Dates as Data
Last updated on 2024-09-02 | Edit this page
Overview
Questions
- What are good approaches for handling dates in spreadsheets?
Objectives
- Recognise problematic or suspicious date formats.
- Use formulas to separate dates into their component values (e.g., Year, Month, Day).
Date formats in spreadsheets
Dates in spreadsheets are often stored in a single column.
While this seems like a logical way to record dates when you are entering them, or visually reviewing data, it’s not actually a best practice for preparing data for analysis.
When working with data, your goal is to have as little ambiguity as possible. Ambiguity can creep into your data when working with dates when there are regional variations either in your observations or when you or your team might be working with different versions or suites of software products (e.g., LibreOffice, Microsoft Excel, Gnumeric).
To avoid ambiguity between regional differences in date formatting and compatibility across spreadsheet software programs, a good practice is to divide dates into components in different columns - YEAR, MONTH, and DAY.
When working with dates it’s also important to remember that functions are guaranteed to be compatible only within the same family of software products (e.g., LibreOffice, Microsoft Excel, Gnumeric). If you need to export your data and conserve the timestamps, you are better off handling dates using one of the solutions discussed below than the single column method.
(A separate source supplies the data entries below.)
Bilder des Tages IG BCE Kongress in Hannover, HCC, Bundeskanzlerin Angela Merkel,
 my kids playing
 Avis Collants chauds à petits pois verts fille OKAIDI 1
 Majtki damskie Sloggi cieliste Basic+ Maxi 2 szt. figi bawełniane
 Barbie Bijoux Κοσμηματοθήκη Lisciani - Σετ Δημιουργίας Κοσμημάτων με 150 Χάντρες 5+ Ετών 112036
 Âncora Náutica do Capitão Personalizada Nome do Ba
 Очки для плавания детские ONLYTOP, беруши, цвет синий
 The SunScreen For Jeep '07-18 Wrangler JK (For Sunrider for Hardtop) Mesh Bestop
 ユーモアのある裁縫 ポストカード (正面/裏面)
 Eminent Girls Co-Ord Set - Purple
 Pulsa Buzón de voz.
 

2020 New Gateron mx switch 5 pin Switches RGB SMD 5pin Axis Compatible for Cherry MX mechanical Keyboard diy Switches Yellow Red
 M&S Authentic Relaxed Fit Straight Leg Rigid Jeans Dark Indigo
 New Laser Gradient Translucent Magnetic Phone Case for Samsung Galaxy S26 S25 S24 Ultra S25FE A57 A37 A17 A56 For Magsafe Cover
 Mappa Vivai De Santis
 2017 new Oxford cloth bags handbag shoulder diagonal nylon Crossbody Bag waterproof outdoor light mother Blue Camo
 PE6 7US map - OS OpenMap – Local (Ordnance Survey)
One of the other reasons dates can be tricky is that most spreadsheet programs have “useful features” which can change the way dates are displayed - but not stored. The image below demonstrates some of the many date formatting options in Excel.
Dates stored as integers
The first thing you need to know is that Excel stores dates as numbers - see the last column in the above figure. This serial number represents the number of days from December 31, 1899. In the example, July 2, 2014 is stored as the serial number 41822.
Using functions we can add days, months or years to a given date. Say you had a research plan where you needed to conduct interviews with a set of informants every ninety days for a year.
In our example above, in a new cell you can type:
=B2+90
And it would return
30-Sep
because it understands the date as a number 41822
, and
41822 + 90 = 41912
which Excel interprets as the 30th day
of September, 2014. In most cases, it retains the format of the cell
that is being operated upon. Month and year rollovers are internally
tracked and applied.
Regional date formatting
When you enter a date into a spreadsheet it looks like a date although the spreadsheet program may display different text from what you input. It does this to be ‘helpful’ but it often is not.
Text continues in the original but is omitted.